WHAT NEEDS TO BE DONE: Find the line containing "Figuras de Linguagem". Retype it and every later line of the records exactly, leaving out pictures.

Web page caption snippets:
──────────────────────────────

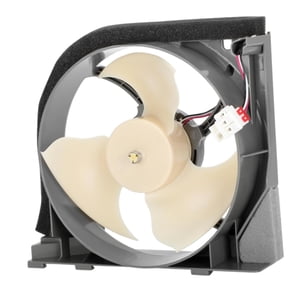 Magideal - Piezas Del Ventilador Del Refrigerador Reparación De Fácil Instalación Reemplazo Del Ventilador Del Refrigerador Del Electrodoméstico Para Da97-15765A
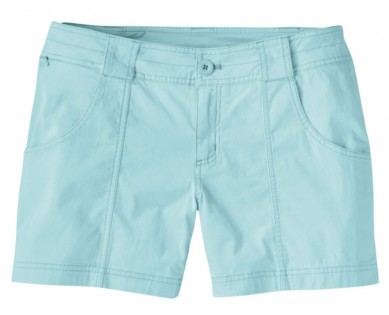 Product photo of Outdoor Research Wadi Rum Short - Women's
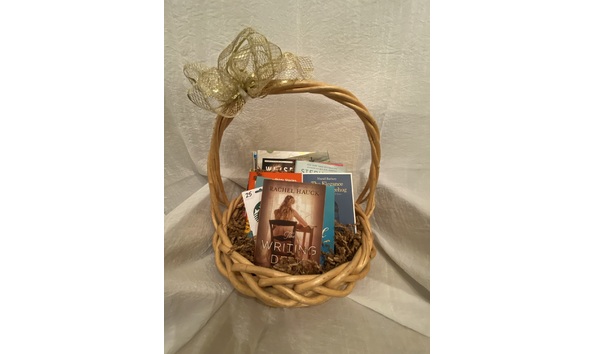 Big image book basket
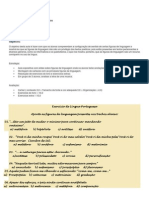 Figuras de Linguagem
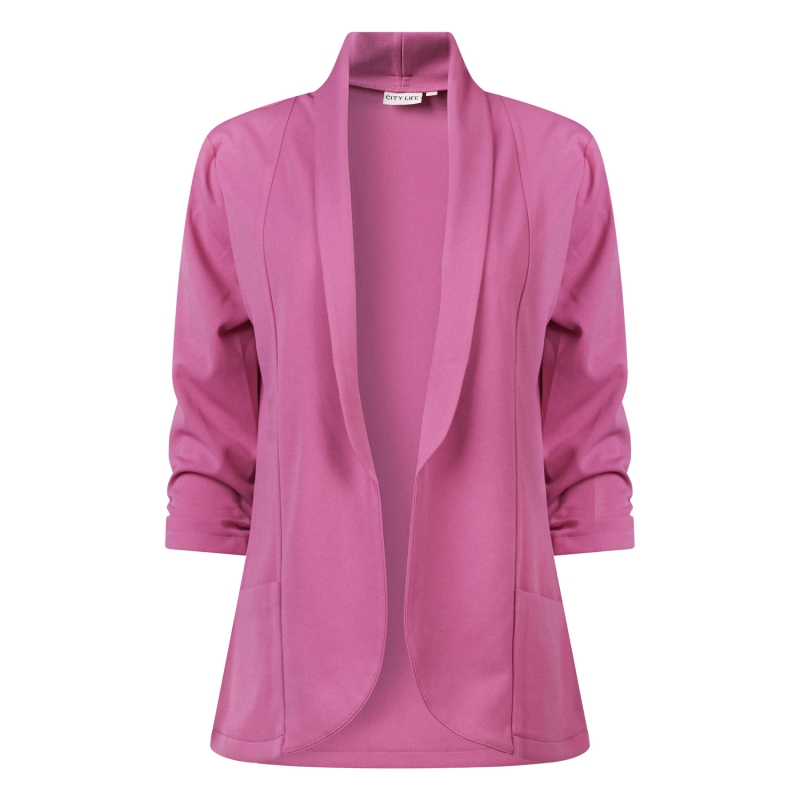 City Life 403689a Z10477 blazers Cyclaam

──────────────────────────────

TASK OUTPUT:
 Figuras de Linguagem
 City Life 403689a Z10477 blazers Cyclaam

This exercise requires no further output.